The allergic emergency had greatly diminished the flow of oxygen to Mike’s brain. The MRI showed “patchy” damage to the brain, which, Dustin says, can actually be worse than a traumatic brain injury (TBI). As their Siskin Hospital physician, Dr. Manalo, later explained, a TBI is usually caused by an impact or blow to the head and affects the part of the brain in proximity to the injury. In Mike’s case, the “patchiness” indicated the entire brain was damaged from lack of oxygen.
At Erlanger, Mike was completely dependent: he couldn’t stand, walk, talk or eat.

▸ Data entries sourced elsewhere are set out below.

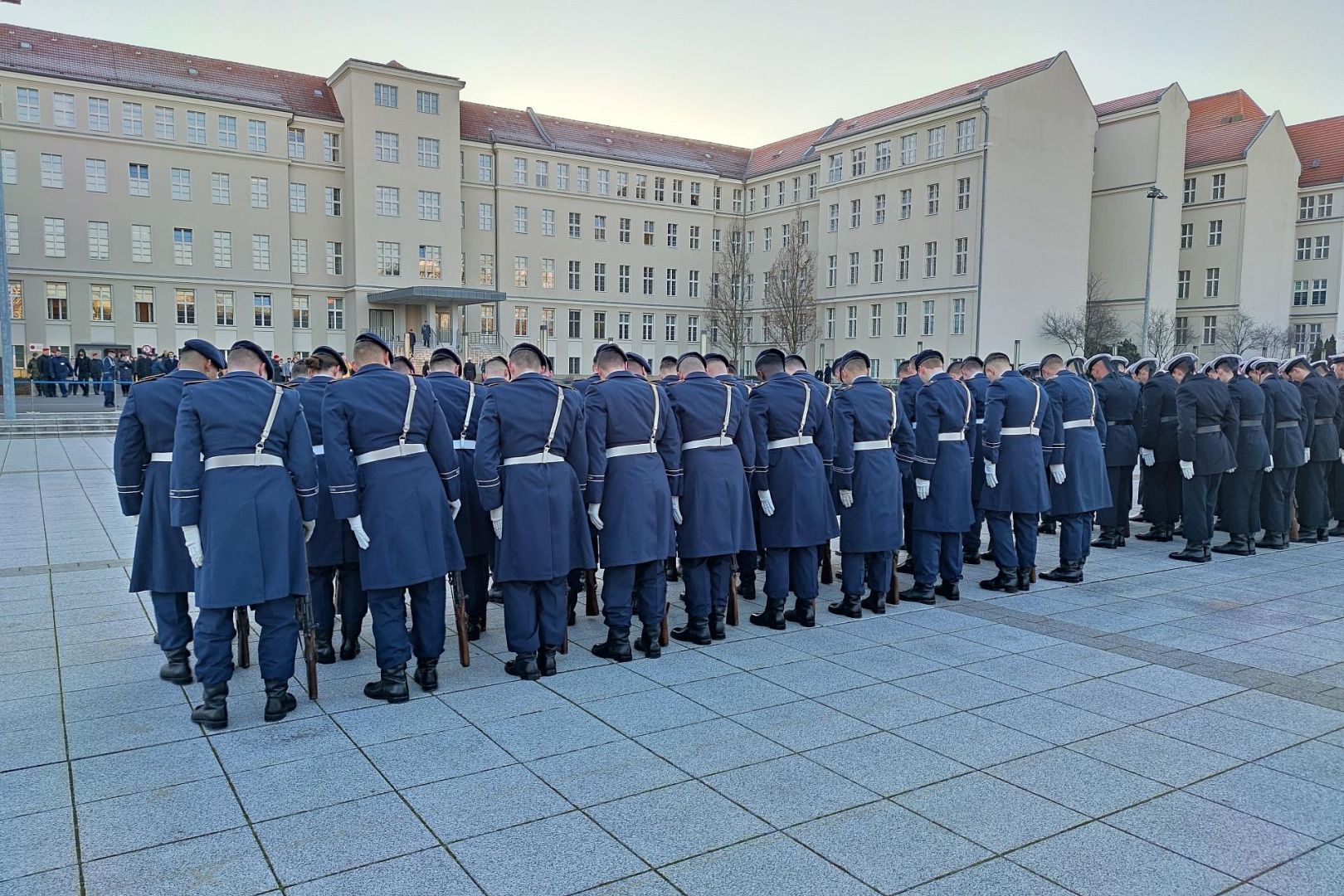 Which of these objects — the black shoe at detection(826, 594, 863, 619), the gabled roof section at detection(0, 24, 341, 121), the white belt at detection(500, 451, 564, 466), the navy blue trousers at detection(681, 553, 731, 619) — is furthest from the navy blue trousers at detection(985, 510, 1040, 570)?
the gabled roof section at detection(0, 24, 341, 121)

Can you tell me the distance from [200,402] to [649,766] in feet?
9.91

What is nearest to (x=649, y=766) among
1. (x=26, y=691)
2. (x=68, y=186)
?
(x=26, y=691)

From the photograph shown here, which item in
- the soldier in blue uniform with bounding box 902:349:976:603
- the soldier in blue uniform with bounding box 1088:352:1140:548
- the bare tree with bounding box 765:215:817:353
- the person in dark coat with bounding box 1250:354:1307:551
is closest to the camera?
the soldier in blue uniform with bounding box 902:349:976:603

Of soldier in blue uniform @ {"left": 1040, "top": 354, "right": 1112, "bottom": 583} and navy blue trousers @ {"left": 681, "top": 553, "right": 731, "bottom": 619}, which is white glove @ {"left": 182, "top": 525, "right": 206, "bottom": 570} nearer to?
navy blue trousers @ {"left": 681, "top": 553, "right": 731, "bottom": 619}

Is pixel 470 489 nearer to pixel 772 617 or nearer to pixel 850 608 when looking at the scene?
pixel 772 617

Staff told Debra she’d better start looking at nursing home placement since Mike would probably never be independent again.
He did improve, however, without the second MRI, and his ventilation tube was removed, though he remained in ICU for two weeks. Towards the end, he began to recognize Debra, started reading simple words, and talk, though not always intelligibly. But still no motor skills. Shortly afterwards, Mike was moved to an intermediate care floor. The next day, the case manager told Debra she would need to find a rehab facility for Mike because he would likely be discharged by Monday, and suggested Shepherd Center in Atlanta.
Debra thought it would be better to keep Mike close to home. She had requested and received a tour of Siskin Hospital shortly after Mike’s move to Erlanger, but Mike was denied admission because, at that time, his condition was too severe to do the required therapy. Extremely perplexed, Debra walked the hospital corridor, praying and weighing her options, when she bumped into Lora, the Siskin Hospital nurse liaison who had toured her earlier. She told her the whole story, sharing Mike’s improvement; Mike’s case was re-evaluated and he was approved for admission to Siskin Hospital.
Mike arrived in Siskin Hospital’s Brain Injury unit quite helpless after two months in acute care. One of Debra’s church friends had a relative, a doctor of physical therapy, who worked on Mike’s floor. Debra says that when Mike was evaluated, the PT said Mike would need A LOT of therapy, but “we’ll do the best we can for him.” His therapists worked with him and 144 days after the wasp sting, Mike amazed everyone when he walked out of the hospital with a walker.
“Everyone – PTs, OTs, nurses, doctors, SLPs – they just wouldn’t give up on him,” says Debra. “They were just so wonderful.” She said one physician told Mike, “You are the reason I do this job. I would have never dreamed you would have come this far.”
Mike continued with outpatient PT, OT and speech therapy for an additional three months, and continues to see psychology for lingering cognitive issues. Though they’ve since sold their farm and moved to a smaller place because of Mike’s disability, he’s now functionally independent, and happy to be back in the saddle again.
“The staff at Siskin Hospital are just miracle workers,” says Debra.